Whatever the reason, a remarkably relaxed spirit of experimentation permeates the Grant Park Music Festival’s classical programming. The Grant Park Symphony’s large, loyal audience is willing to hear new things, and its musicians and principal conductor Carlos Kalmar seem equally open to moving beyond the usual round of Beethoven and Brahms.
The exotic collaborations that occasionally pop up—whether with local rockers such as Poi Dog Pondering or a Tibetan choir—may or may not work. But they seem driven by genuine musical curiosity rather than a desperate attempt to get bodies into seats.
The West African kora—a 21-string instrument that is plucked like a zither but stands upright like a cello–was the exotic centerpiece of Wednesday night’s Grant Park Symphony concert conducted by Kalmar. The virtuoso soloist was Toumani Diabate, a native of Mali, who brought along five musicians of his Symmetric Orchestra to play acoustic guitar, ngoni (a traditional African guitar), balafon (a xylophone-like instrument) percussion and bass.
The half-dozen West African pieces that Diabate and his colleagues played with the orchestra had a New Agey, go-with-the flow mellowness. Usually driven by folk-like tunes, they were built on repeated melodic phrases and steady, pacing rhythms. Their mood was generally soothing, though jazzy syncopations often erupted, sometimes evoking the lilt and energy of a Celtic jig. The orchestra functioned mainly as a rustling, attentive backup band.
But Diabate’s kora brought an unexpectedly powerful solo voice to the mix. Amplified by microphone, its tone was resonant and clear, combining the bright ping of a harpsichord and the agile, expressive tone of a guitar. Diabate sat front and center with the kora, an instrument with a long neck and a bulbous base, standing upright on the floor, its strings facing him.
Often when non-Western instruments pair with a symphony orchestra, their timbre is a distraction. Their sound can be too weak or simply too dissimilar to blend well or set up a convincing dialogue.

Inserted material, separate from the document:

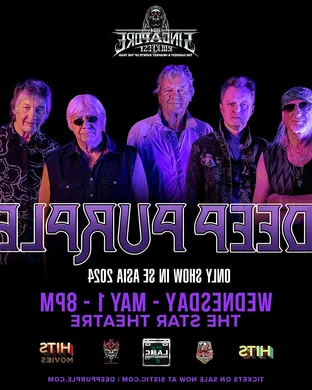 Deep Purple Mountain View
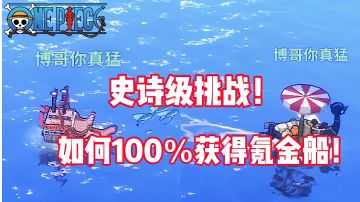 《航海王热血航线》如何100％获得氪金船？这船又大又漂亮！真好！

That problem didn’t exist Wednesday night. Diabate, who wrote most of the concert’s pieces, is committed to moving the kora beyond its role as a solo instrument, and his instrument’s voice sounded both authoritative and at ease with the Grant Park Symphony. Whether setting out serene melodies for the orchestra to echo or seizing the spotlight with lightning-fast, bristling cadenzas, Diabate was a virtuoso by any measure.